Of course we should have our own timers! No more 10 minutes limit!

... Now please make timers, will you?


----------



## AlexCube (Dec 23, 2013)

Kirjava said:


> Why shouldn't we help them ... ?


Well... I don't know but own timers would be cool


----------



## BillyRain (Dec 23, 2013)

Although SpeedStacks timers have no problem forfilling our needs, I think it would be nice to have timers and mats designed specifically for cubing. 

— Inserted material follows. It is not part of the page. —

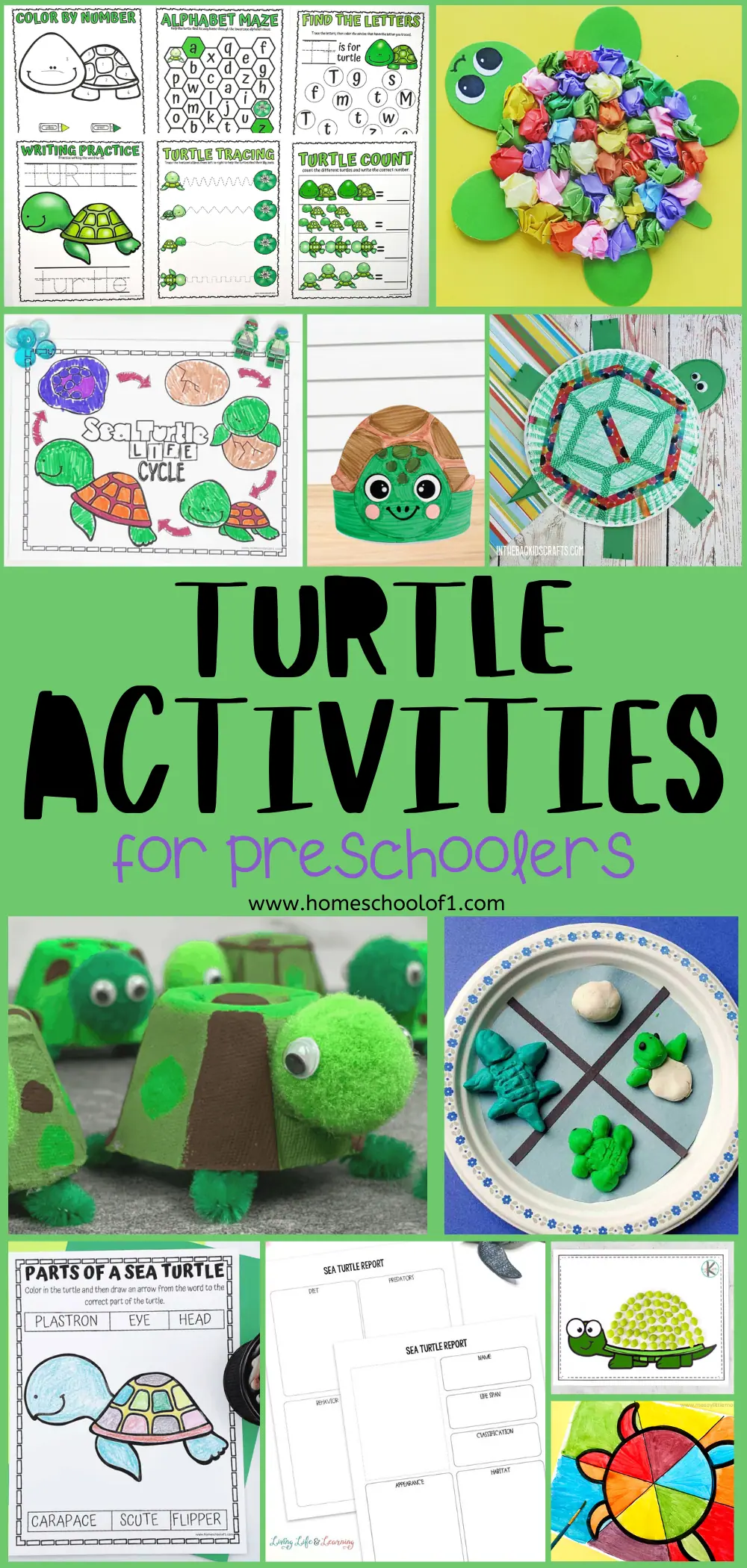 infographic displaying an assortment of preschool turtle activities, with highlights on hands-on crafts, such as a turtle made from a paper bowl, and educational printables for coloring, tracing, and learning about sea turtles' life stages.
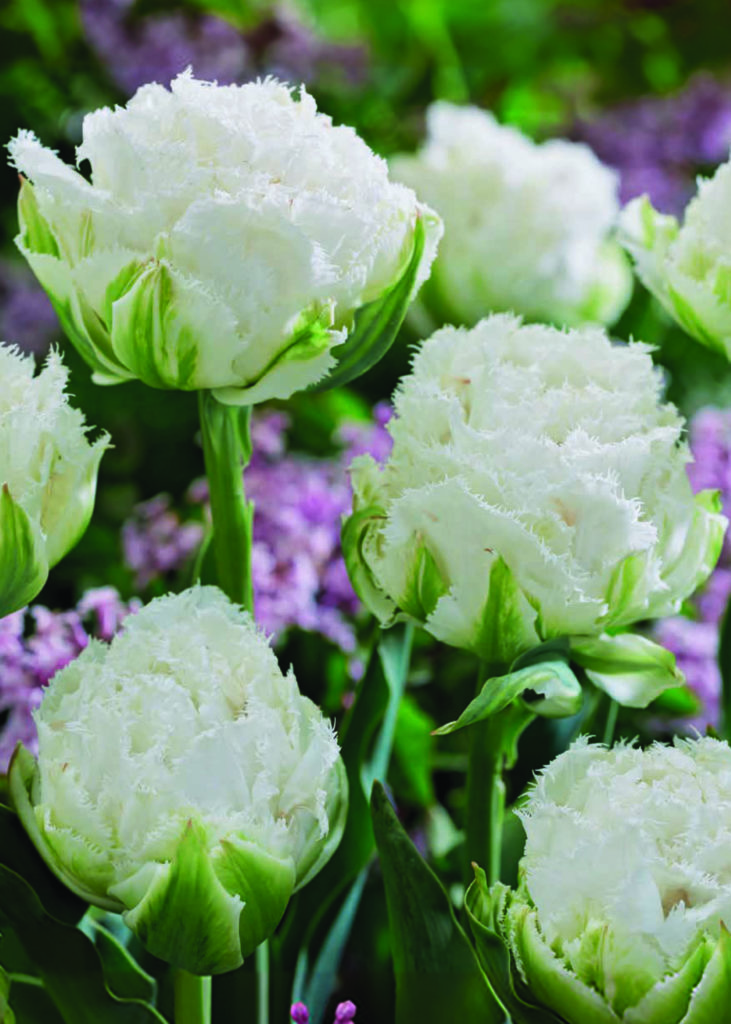 Netherland Bulb Tulip-Snow-Crystal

But if any company were to look at designing something, I would hope that they would seek advice from experienced cubers and the WCA first.


----------



## AlexCube (Dec 23, 2013)

DrKorbin said:


> Of course we should have our own timers! No more 10 minutes limit!
> 
> ... Now please make timers, will you?


I don't think that I am that much electrician but I could suggest that 



BillyRain said:


> Although SpeedStacks timers have no problem forfilling our needs, I think it would be nice to have timers and mats designed specifically for cubing.
> 
> But if any company were to look at designing something, I would hope that they would seek advice from experienced cubers and the WCA first.


I agree


----------



## AmazingCuber (Dec 23, 2013)

Cubing timers would be awesome, but probably doesn't offer enough revenue. Our best bet is for speed stacks to make a timer for cubing, as they already have the technology.


----------



## Kirjava (Dec 23, 2013)

AmazingCuber said:


> they already have the technology.



a lot of people have the technology, it's not rocket surgery


----------



## AmazingCuber (Dec 23, 2013)

Kirjava said:


> a lot of people have the technology, it's not rocket surgery



or more of the facilities/they already produce similar things


----------



## Ruben (Dec 24, 2013)

defintely! timers with more feature built in such as the WCA 15 sec inspection time, +2 penalty option. or maybe be generate some practice scrambles. Also, more customization features like colors, size, etc


----------



## Coolster01 (Dec 24, 2013)

Yeah, the judge could press a button to start inspection at the same time they lift up cover, which initiates countdown. The timer can tell EXACTLY how long it is just like timer apps. That would be a nice feature!


----------



## uberCuber (Dec 24, 2013)

Kirjava said:


> rocket surgery



sounds painful


----------



## giorgi (Dec 24, 2013)

yeah sure we have to have our timers, but QJ timers are rubbish


----------



## Clarkeeyyy (Dec 24, 2013)

I think having additional options such as inspection time is a viable reason for new timers, however, the indication of how much inspection time is remaining has been discussed before and could be an issue. Nobody wants to look away from the puzzle just to check how much time they have left to inspect. If a good method of measuring inspection time on the timers could be developed then it would remove any uncertainties and controversies, like Chris Olson's 2x2 wr average.


----------



## Ruben (Dec 24, 2013)

At the very least, a timer that says "SPEED CUBING" OR "SPEED SOLVING", something like that instead of "SPEED STACKS". Another cool customization feature, which can apply to any timer, would be the ability to engrave, write, or display custom text, like our name or pb.


----------



## tjp8153 (Dec 25, 2013)

You could just have the timer beep at 8 and 12 seconds and then it wouldnt be much different than a judge with a stop watch. I think it is a good idea.


----------



## Clarkeeyyy (Dec 25, 2013)

tjp8153 said:


> You could just have the timer beep at 8 and 12 seconds and then it wouldnt be much different than a judge with a stop watch. I think it is a good idea.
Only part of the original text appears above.